昔、もう十数年になるかな。当時はまだ従業員が私を含め数人で、年商もたいしたことはなかった。あの頃は、本当に朝から晩まで休みなく仕事をしていて・・・大晦日の除夜の鐘は仕事をしながら聞いたし、台風の日は私自身も徹夜でパトロールをしたりしていた。

そんなころ、事務所の近くに、ひとつの学習塾があったのです。

ある日、ウチの若い衆 – 今は私よりも組織にとって重要な存在、小林が事務所に帰るなり、こう言った。

「あの塾に、すごい美人の先生がいる!」

どうやら話を聞いてみると、その先生は、とても美人で、清楚ですらっとしていて、そして、、、

いつも皮のパンツをはいているらしい。

自然と、その先生は、
ウチの事務所内で、勝手に、、、

「皮パン先生」

と呼ばれるようになった。

・・・

あれから十数年が経ち、皮パン先生の塾の近くから事務所は移転し、違う地域の、大きな本社ビルに変わった。

あの頃の事務所がどうなっているかはよく知らない。

家賃15万円の賃貸事務所だったので、どこかが借りてるのだと思う。空き家になってるかもしれない。

まして、その塾のことなんて、全くわからない。

・・・

実は、私は、当時、その皮パン先生の姿を見たことがなかった。
若い衆たちが、

「今日も皮パン先生いたなあ」

とか、

「皮パン先生、やっぱりかわいいなあ」

などと言ってるのを横で聞くだけで、
ただの一度もその目で見たことはなかった。

しかし、見てない分、想像は膨らんだ。

皮パンが好きということは、足はスラリとしてるんだろうな。腰の位置も高く、多分、お尻も上がって、背筋は反り返った感じで、云々。

きれいな感じの人なのだろう、
と想像するとともに、、、

初期の「しゃにむに頑張っていた頃の自分たち」と重ね合わせ、何となくノスタルジックな気分に浸っていた。

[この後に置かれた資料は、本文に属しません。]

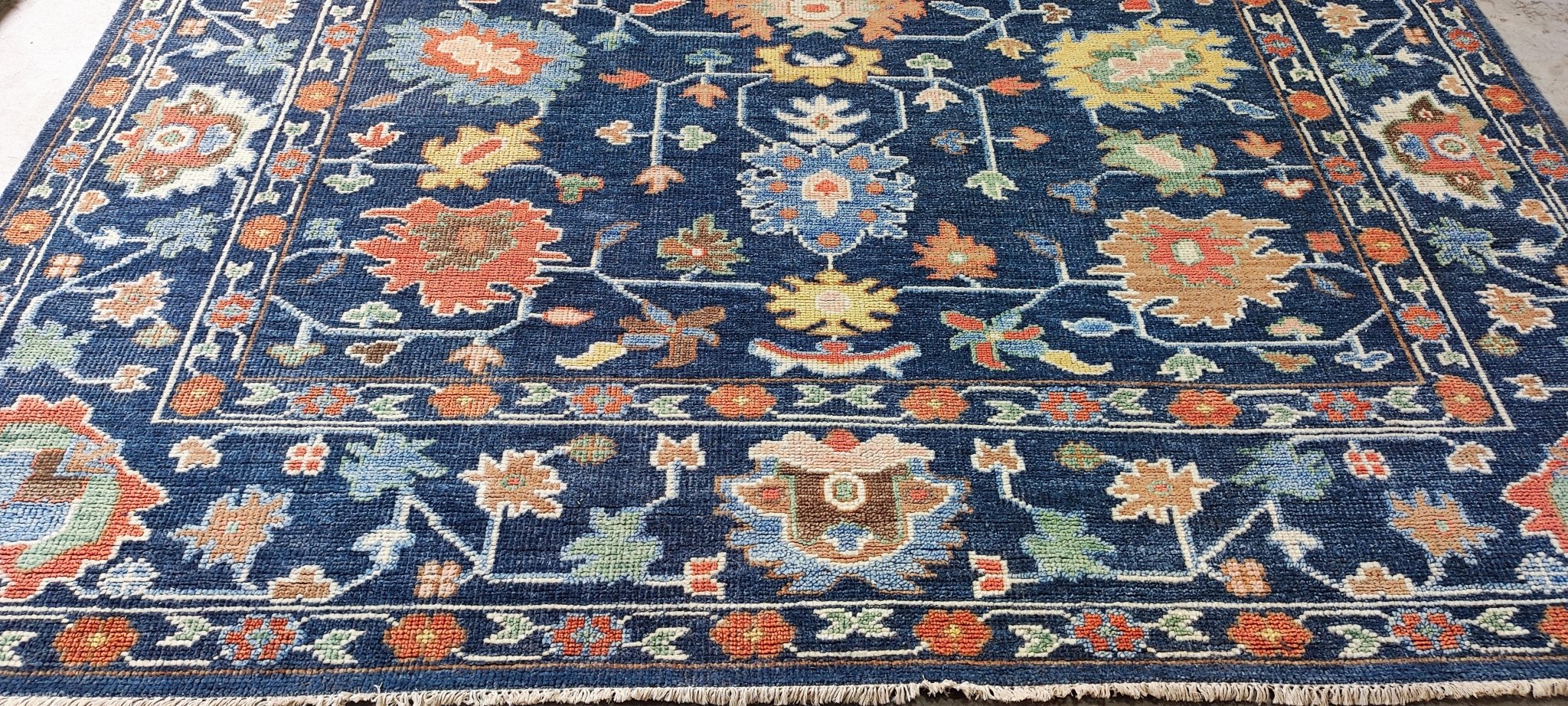 Marisa Mell 9x12 Hand-Knotted Blue Oushak | Banana Manor Rug Factory Outlet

「皮パン先生」という言葉は、単なる女性のことではなく・・・

脇目も振らず、一生懸命働いていた、ある意味最も幸せな時期、前だけを向いて、がむしゃらに希望に燃えていた、、、

そんな時期のシンボルであったりしたんだ。

・・・

あれからずいぶん、いろんなことが変わった。

当時と比べ、なんか偉そうぶってふんぞり返っている今、あの頃のことを懐かしく思ったりもする。

食事を取る時間も惜しんで仕事していたあの頃と違って、

私は、まるまるもりもり食べて、まるもりと呼ばれ、

顔はパンパンにふくれあがり、古くからの仲間、あのころの「皮パン先生」を知っている仲間たちからは、、、

「顔パン先生」

と呼ばれている。

なんちゅうか、まあ、深い意味は全くありません。